Osteuropa und die Euro-Krise: Agenda 1990–2010

Kein Widerspruch zwischen Austerität und Wachstum: Die Erfahrungen Osteuropas können in der Euro-Krise ein Vorbild für den Süden sein

Ein wichtiger Teil Europas wird aus der deutschen Debatte über die Euro-Krise sowie die gesamteuropäische Schulden- und Wachstumskrise weitgehend ausgeblendet: die EU-Mitglieder und Euro-Anwärter östlich der Bundesrepublik. Das ist erstaunlich, denn sie haben, erstens, Erfolge vorzuweisen, können also Vorbilder sein. Zweitens bieten sie sich als natürliche Bundesgenossen im Umgang mit den Sorgenländern im Süden an. Das erdrückende Narrativ in der westlichen Öffentlichkeit klingt so: Der übermächtige Hegemon Deutschland zwingt die armen Partner im Süden zu Austerität und macht dadurch alles nur noch schlimmer.

Diese Darstellung war schon immer irreführend. Schließlich steht Deutschland mit seiner Mahnung zu Finanzdisziplin und zu strukturellen Reformen, die Rezessionsländer wieder wettbewerbsfähig machen können, nicht allein. Andere Staaten wie Finnland, Österreich, die Niederlande, Schweden sehen es ähnlich. Dem reichen Norden halten notleidende Südländer freilich entgegen: Ihr habt gut reden, euch geht es gut; ihr predigt uns Wasser, trinkt aber Wein.

Umso nützlicher wäre es, wenn die Stimmen der Balten, Polen, Slowaken und Tschechen mehr Gehör fänden. Ihnen kann man nicht vorwerfen, dass sie im Luxus leben, von anderen aber Opfer verlangen. Sie fragen vielmehr: Warum soll es für Südeuropäer unzumutbar sein, sich an die ökonomische Realität anzupassen? Sie selbst mussten das seit der Wende immer wieder, haben seit zwei Jahrzehnten ihre jeweilige „Agenda 2010“ betrieben. Und das hat sich aus ihrer Sicht gelohnt.

Beim Wirtschaftsforum für Mitteleuropa in Krynica präsentieren die Regierungschefs stolz ihre Bilanzen. Polen sei das Land mit dem höchsten Wirtschaftswachstum im Vergleich zum Beginn der Finanzkrise, berichtet Premier Donald Tusk: plus 20 Prozent in den fünf Jahren seit 2008. Er führt das auf eine moderate Wirtschaftpolitik zurück. Für Investoren sei Polen der attraktivste Standort der Region. Geld müsse erst mal verdient werden, bevor der Staat es besteuern und ausgeben darf.
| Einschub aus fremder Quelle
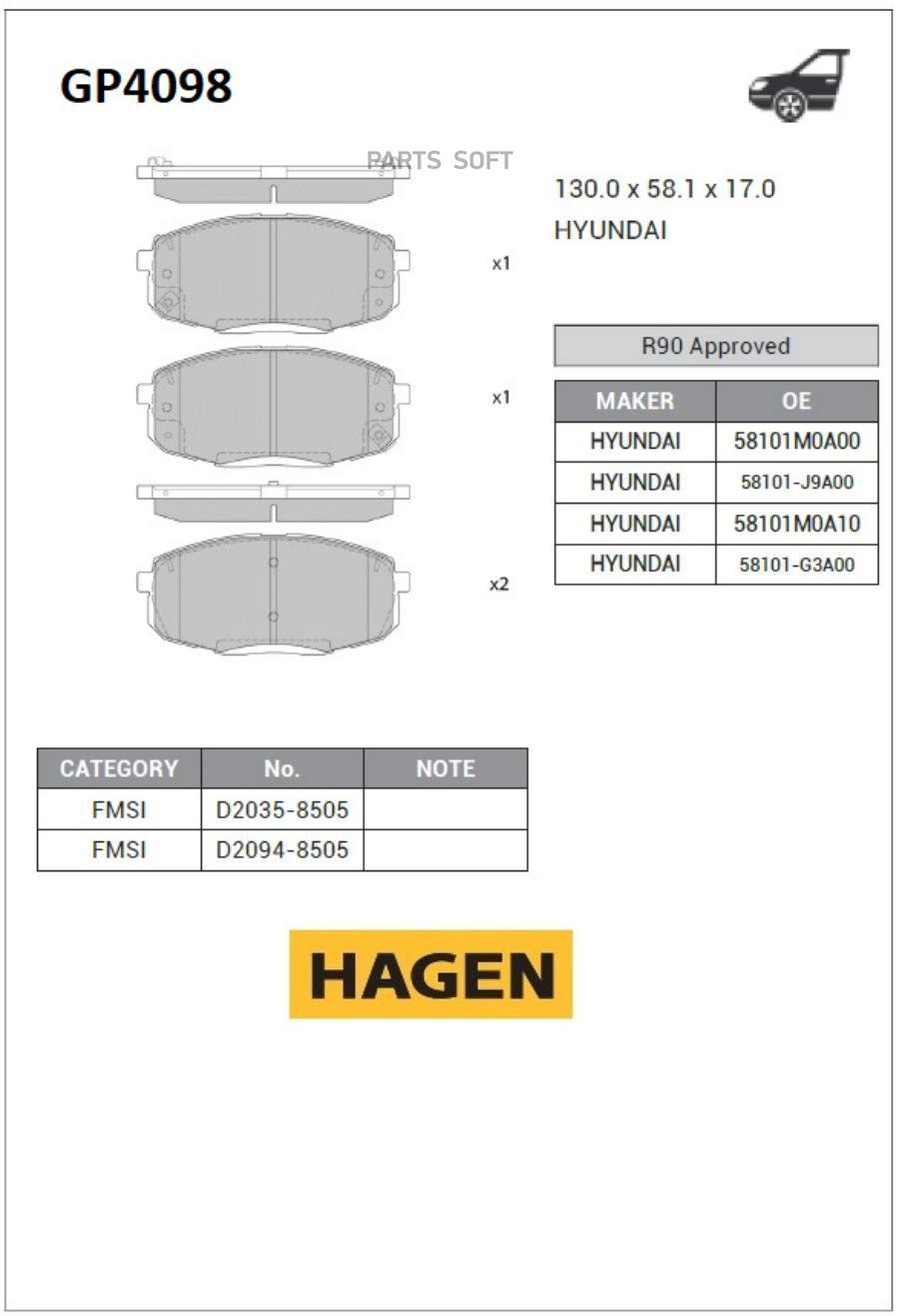 

Колодки дисковые ие Hyundai i30 07 KIA Ceed 07 Carens 02 1шт SANGSIN BRAKE GP4098 GP4098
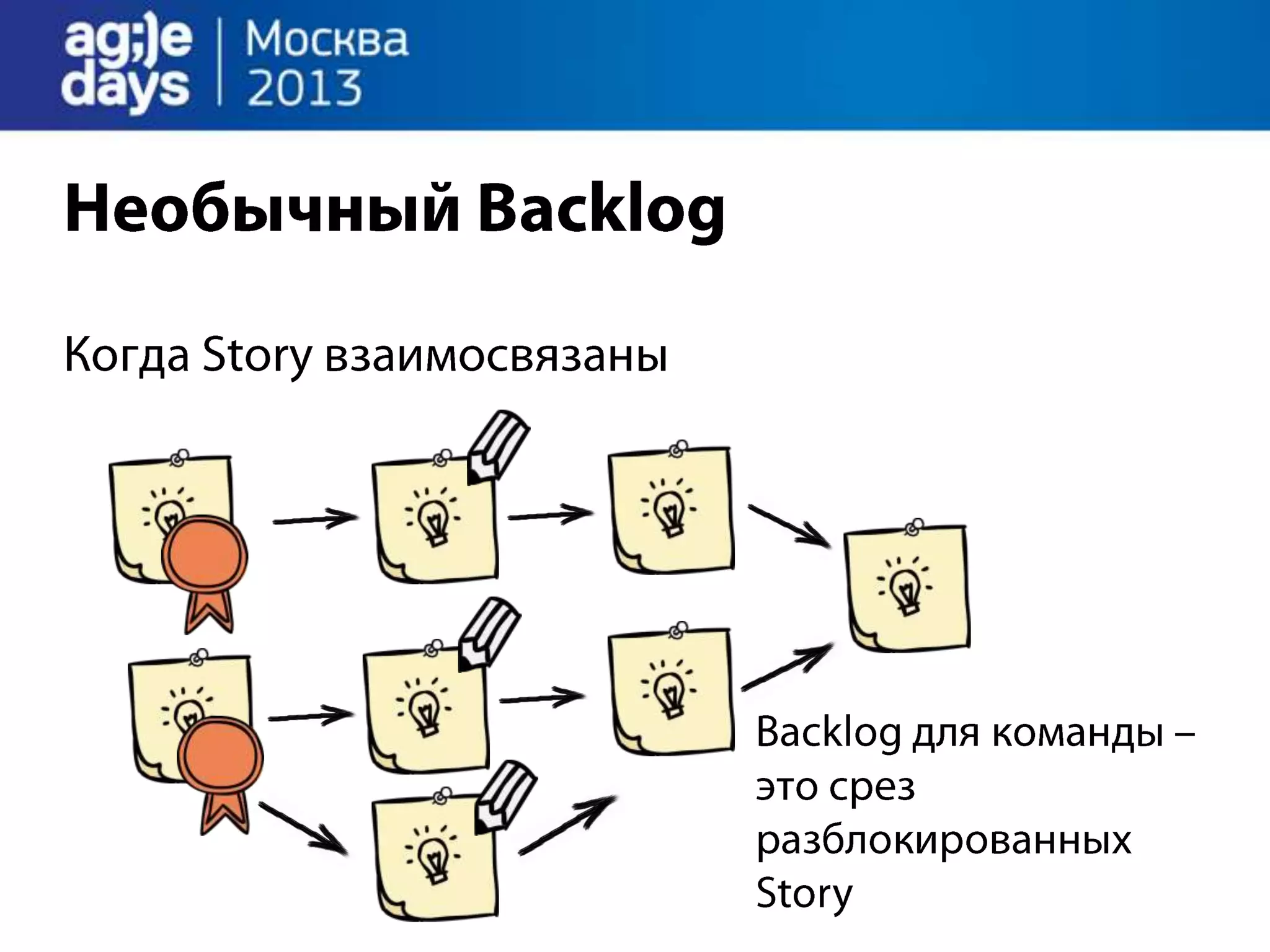 Agile Management. Теория и практика спасения крупного проекта.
Noch forscher argumentiert Lettlands Ministerpräsident Valdis Dombrovskis. Es gebe keinen Widerspruch zwischen Austerität und Wachstum, sie sei die Voraussetzung für neues Wachstum. Lettland habe nach Ausbruch der Finanzkrise die tiefste Rezession aller EU-Staaten durchlitten, die Staatsausgaben stark gekürzt und werde nun mit den höchsten Wachstumsraten in der EU belohnt. Finanzielle Solidität sei die Vorbedingung, damit Firmen wieder investieren und Bürger konsumieren.

Balten und Polen verfolgen die gängigen Argumentationen im Westen mit Argwohn, denn sie wollen dem Euro beitreten, fürchten nun aber, eine weiche Währung zu bekommen. Lettland wird im Januar 2014 Mitglied der Euro-Zone, Litauen will 2015 folgen, Polen nach der Parlamentswahl 2015 entscheiden, wie schnell ein Beitritt lohnt. Gewiss kann man nicht alle Erfahrungen der Mitteleuropäer auf den Süden übertragen. Ihre Erfahrungen können jedoch ein Gewinn für die Debatten um Euro und Wachstum sein.